The article states further the interesting aspects of his son, Lewis Mason’s life:
“Lewis Mason Cranford, one of the early settlers of Eddy was born December 29, 1831 and died January 23, 1912. He was born in Walker County, Alabama. He came into Jefferson County, was married to Miss Towrey Posey on December 28, 1854, Blount County, Lewis White, Justice of the Peace. L. M. Cranford and family moved from Village Springs, Jefferson County. He bought the two-story building at Eddy from a man called Flax. It was on the stage run between Huntsville and Elyton. They called it ‘Flax Stand’ and later called it ‘Cranford Stand.’ Eddy Post Office was established in 1893. Bill Perkins was the first post-master. This was in the voting precinct of Cranford, Beat 21…as it was called before Eddy Post Office was established. It went from brink of the mountain at Fry Gap, about seven miles and extended back to Cullman, Blount, and Morgan County line.”
One of Abner’s sons, J. W. Cranford spoke of his uncles Jack and William. Mr. J. W. Cranford also reminisced of his walk of seven miles to earn one dollar a day!
Abner Cranford married Elizabeth Jenkins in Morgan County on Jan. 26, 1831. For a time after marriage, Abner and Elizabeth lived in Fayette County. There was probably a Wilkes connection there.
Abner and Elizabeth Cranford had three children: Lewis Mason, Martha, and William. Records are not now available as to when his wife Elizabeth died.
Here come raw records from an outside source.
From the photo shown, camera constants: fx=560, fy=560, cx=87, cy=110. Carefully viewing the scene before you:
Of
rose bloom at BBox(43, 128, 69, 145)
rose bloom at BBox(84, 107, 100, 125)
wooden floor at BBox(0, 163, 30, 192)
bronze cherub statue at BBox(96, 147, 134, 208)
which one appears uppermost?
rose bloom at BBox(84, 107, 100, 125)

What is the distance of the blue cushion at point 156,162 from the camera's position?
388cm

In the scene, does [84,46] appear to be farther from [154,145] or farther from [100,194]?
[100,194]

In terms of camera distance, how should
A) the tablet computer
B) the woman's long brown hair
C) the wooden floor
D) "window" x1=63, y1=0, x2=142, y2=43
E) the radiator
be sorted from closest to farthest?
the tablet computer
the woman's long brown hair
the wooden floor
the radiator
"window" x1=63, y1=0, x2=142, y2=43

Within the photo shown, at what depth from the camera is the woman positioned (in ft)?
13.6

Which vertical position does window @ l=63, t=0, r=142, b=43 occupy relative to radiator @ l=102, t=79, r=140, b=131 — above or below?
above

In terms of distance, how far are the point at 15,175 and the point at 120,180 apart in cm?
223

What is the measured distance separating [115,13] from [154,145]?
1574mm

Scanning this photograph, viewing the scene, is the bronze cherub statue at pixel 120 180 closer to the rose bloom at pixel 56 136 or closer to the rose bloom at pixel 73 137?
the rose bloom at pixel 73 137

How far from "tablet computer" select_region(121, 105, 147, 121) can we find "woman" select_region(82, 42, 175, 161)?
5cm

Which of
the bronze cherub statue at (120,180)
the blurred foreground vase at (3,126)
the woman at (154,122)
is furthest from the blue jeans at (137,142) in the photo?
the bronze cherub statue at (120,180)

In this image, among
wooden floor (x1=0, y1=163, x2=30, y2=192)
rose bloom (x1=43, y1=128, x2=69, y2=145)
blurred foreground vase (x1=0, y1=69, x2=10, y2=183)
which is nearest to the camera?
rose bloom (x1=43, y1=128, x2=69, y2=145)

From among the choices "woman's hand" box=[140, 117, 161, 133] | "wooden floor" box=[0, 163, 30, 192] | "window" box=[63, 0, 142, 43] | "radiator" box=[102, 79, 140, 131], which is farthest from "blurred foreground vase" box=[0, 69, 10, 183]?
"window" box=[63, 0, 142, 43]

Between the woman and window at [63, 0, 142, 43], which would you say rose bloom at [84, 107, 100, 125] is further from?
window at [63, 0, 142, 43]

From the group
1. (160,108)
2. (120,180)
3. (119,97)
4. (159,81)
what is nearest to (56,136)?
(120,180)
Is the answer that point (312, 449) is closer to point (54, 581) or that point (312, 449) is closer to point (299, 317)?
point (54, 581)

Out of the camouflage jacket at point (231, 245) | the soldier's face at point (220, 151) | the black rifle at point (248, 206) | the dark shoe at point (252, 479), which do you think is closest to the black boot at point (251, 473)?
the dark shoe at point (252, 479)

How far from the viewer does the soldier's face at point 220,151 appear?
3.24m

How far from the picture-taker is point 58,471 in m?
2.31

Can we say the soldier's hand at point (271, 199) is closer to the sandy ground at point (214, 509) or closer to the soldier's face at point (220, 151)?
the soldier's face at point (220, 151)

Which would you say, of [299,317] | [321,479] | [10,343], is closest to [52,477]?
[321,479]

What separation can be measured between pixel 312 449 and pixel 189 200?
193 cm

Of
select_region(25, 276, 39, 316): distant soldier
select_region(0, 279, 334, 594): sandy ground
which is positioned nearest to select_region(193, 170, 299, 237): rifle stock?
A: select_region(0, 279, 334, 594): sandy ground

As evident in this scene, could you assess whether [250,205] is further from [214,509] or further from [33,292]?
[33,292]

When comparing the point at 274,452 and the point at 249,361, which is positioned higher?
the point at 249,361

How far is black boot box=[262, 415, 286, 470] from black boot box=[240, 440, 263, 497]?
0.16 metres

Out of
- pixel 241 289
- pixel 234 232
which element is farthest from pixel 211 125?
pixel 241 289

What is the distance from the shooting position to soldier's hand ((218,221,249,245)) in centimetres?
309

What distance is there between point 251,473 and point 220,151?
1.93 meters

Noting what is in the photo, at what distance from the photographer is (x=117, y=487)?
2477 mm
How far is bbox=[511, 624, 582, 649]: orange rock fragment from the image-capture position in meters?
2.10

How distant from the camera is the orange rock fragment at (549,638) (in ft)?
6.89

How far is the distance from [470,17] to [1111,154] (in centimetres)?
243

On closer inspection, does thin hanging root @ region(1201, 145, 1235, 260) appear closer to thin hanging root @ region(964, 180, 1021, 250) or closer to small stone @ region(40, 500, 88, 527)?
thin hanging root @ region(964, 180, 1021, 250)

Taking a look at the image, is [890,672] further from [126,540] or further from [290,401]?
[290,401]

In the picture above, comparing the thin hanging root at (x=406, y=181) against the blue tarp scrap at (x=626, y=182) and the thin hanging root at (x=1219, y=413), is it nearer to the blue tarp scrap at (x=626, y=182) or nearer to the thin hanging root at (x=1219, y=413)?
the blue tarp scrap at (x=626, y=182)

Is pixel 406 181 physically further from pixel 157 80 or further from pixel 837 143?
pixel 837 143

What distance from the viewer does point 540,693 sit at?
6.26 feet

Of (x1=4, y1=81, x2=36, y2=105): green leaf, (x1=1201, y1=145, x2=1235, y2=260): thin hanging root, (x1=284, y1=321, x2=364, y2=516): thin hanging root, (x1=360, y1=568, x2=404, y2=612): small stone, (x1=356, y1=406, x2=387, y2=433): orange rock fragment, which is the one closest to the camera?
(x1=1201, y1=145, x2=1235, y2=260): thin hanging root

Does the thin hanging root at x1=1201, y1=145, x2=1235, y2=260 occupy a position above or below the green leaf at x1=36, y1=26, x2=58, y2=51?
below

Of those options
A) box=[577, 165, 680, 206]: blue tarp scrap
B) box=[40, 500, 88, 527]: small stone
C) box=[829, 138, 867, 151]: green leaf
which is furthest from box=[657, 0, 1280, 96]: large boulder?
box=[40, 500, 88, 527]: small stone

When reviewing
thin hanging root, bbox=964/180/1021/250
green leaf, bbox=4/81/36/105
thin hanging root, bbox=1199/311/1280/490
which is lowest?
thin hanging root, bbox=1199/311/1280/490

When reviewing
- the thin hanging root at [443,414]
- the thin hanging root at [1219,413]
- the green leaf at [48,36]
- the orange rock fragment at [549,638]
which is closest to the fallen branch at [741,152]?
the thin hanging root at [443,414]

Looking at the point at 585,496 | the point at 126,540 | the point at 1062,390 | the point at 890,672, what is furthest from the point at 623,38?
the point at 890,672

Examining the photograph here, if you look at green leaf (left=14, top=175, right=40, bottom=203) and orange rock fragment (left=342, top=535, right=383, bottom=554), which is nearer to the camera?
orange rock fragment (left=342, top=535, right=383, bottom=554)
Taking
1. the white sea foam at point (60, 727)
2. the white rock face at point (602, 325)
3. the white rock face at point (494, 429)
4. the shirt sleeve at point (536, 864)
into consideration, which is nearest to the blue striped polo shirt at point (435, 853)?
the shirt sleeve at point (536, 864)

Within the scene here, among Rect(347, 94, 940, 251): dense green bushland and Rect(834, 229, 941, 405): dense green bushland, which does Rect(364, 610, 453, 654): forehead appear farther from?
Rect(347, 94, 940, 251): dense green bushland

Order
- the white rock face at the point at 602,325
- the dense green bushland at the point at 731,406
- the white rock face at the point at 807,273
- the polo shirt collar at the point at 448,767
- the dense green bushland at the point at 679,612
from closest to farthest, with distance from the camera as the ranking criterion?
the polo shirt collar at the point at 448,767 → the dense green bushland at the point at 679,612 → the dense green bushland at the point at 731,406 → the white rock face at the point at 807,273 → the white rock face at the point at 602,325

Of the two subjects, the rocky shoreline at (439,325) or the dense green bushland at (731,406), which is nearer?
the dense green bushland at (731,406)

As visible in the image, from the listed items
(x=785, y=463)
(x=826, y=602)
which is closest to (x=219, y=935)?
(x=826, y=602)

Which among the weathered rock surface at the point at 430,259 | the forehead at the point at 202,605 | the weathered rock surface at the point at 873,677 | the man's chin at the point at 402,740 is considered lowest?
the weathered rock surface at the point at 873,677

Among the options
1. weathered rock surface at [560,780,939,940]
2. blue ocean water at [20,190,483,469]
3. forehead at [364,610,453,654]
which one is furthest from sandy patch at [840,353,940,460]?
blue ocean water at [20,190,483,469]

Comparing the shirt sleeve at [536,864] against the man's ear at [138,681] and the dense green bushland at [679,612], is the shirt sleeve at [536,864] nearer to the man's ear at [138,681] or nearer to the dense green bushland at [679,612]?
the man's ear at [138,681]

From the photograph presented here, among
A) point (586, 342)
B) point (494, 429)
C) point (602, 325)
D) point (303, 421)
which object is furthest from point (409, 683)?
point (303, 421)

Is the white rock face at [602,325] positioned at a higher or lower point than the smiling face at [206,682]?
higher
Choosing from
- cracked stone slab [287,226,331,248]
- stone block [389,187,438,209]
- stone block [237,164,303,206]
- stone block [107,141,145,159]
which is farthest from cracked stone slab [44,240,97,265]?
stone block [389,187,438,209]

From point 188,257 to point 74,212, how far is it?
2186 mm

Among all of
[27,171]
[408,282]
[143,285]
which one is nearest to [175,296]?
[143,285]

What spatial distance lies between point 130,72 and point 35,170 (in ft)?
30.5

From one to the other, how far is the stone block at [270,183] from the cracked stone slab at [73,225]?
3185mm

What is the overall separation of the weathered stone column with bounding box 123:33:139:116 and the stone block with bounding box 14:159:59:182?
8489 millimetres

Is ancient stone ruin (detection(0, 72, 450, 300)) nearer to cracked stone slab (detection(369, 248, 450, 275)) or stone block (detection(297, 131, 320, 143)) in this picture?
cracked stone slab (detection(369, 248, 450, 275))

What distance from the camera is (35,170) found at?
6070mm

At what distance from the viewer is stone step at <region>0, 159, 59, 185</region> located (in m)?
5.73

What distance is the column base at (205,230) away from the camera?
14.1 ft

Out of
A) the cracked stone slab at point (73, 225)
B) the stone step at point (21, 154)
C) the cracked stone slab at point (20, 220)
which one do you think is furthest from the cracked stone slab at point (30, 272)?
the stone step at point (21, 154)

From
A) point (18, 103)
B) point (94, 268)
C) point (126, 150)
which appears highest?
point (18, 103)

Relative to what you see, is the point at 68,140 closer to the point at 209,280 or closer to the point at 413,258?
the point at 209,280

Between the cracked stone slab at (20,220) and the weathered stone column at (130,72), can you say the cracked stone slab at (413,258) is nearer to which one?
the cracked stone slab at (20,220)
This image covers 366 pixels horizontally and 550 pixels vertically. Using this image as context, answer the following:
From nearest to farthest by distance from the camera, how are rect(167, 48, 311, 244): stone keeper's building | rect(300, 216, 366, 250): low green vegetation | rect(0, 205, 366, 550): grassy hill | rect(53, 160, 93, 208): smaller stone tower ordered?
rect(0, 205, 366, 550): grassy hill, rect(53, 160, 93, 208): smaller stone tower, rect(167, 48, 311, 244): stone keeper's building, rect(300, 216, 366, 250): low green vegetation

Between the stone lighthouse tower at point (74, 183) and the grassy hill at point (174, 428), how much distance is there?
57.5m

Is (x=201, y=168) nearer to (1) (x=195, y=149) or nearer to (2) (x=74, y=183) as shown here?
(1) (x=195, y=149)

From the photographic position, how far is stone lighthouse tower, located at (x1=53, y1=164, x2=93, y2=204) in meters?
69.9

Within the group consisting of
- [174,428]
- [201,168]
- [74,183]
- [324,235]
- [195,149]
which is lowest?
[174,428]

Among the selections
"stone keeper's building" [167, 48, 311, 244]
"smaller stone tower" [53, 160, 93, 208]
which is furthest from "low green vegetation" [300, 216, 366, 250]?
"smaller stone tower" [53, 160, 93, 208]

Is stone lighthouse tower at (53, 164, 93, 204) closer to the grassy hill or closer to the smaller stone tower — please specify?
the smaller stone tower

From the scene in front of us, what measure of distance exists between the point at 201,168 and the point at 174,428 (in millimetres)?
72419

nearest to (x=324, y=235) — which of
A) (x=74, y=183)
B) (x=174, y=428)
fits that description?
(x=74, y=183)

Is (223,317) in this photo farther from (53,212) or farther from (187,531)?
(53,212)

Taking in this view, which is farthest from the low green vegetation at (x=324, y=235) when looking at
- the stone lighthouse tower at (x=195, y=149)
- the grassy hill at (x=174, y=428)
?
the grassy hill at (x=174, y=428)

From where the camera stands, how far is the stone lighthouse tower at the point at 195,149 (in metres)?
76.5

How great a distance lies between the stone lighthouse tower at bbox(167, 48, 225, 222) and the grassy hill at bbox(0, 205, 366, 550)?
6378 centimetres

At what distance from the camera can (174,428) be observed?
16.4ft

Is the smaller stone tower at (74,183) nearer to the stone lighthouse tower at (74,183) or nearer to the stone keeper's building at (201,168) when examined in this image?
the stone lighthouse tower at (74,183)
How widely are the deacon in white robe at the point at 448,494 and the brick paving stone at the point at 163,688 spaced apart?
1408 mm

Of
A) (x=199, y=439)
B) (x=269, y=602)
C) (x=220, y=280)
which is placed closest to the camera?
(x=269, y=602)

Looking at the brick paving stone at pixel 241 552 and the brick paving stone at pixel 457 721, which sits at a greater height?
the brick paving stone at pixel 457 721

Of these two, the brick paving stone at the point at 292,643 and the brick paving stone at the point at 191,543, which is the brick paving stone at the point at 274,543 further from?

Abner’s second wife was Rebecca Ann Wedgeworth Conners whom he married July 18, 1837 in Blount County. Walton White, Justice of the Peace, officiating. Rebecca Ann born in South Carolina was reared in the aristocratic atmosphere of Greene County, Alabama. She was the daughter of Richard and Mary Edgeworth who came from Abbeville County, South Carolina. They were in Greene County, Alabama in 1830. At that time, there was a town named Wedgeworth which is now in Hale County, Alabama. Rebecca’s parents are buried at McDade Cemetery near Carbon Hill. Rebecca was a strong, determined character. Traditional anecdotes by great-grandsons years later tell of warnings to siblings, “You better not let Granny know you snitched those grapes from her vines…she’ll skin you alive!”
In 1850, the census report indicates that “Luis M.” was living with his grandparents Cranford. Rebecca Ann had her hands full with her own brood: Julia Ann Cranford was born December 1838. She married John M. Cunningham.
John Edward Cranford was born February 12, 1839 and married first, a Miss Mathis, second, Uretha Morris, and third, Jane Hockett.
Nancy Emily Cranford was born Febuary 4, 1841. She married John Morgan Stacks about 1872 and he died about 1876.
Sara Ann Matilda Cranford was born May, 1847. She married Lewis Thomas Atkins, died May 18, 1934.(This put her in my lineage through her marriage into the Atkins family. My mother was named for her —Mary Matilda Atkins Romine.
Newton Middleton Cranford was born in 1853. His wife was Eliza J. and his children were: Newton, Jr., Nora G., Mary A., and Rufus M.
Abner had a girl, Elizabeth. So far, no family records have been found concerning this daughter. Family stories about Rebecca abound.
She went to Texas after Abner’s death.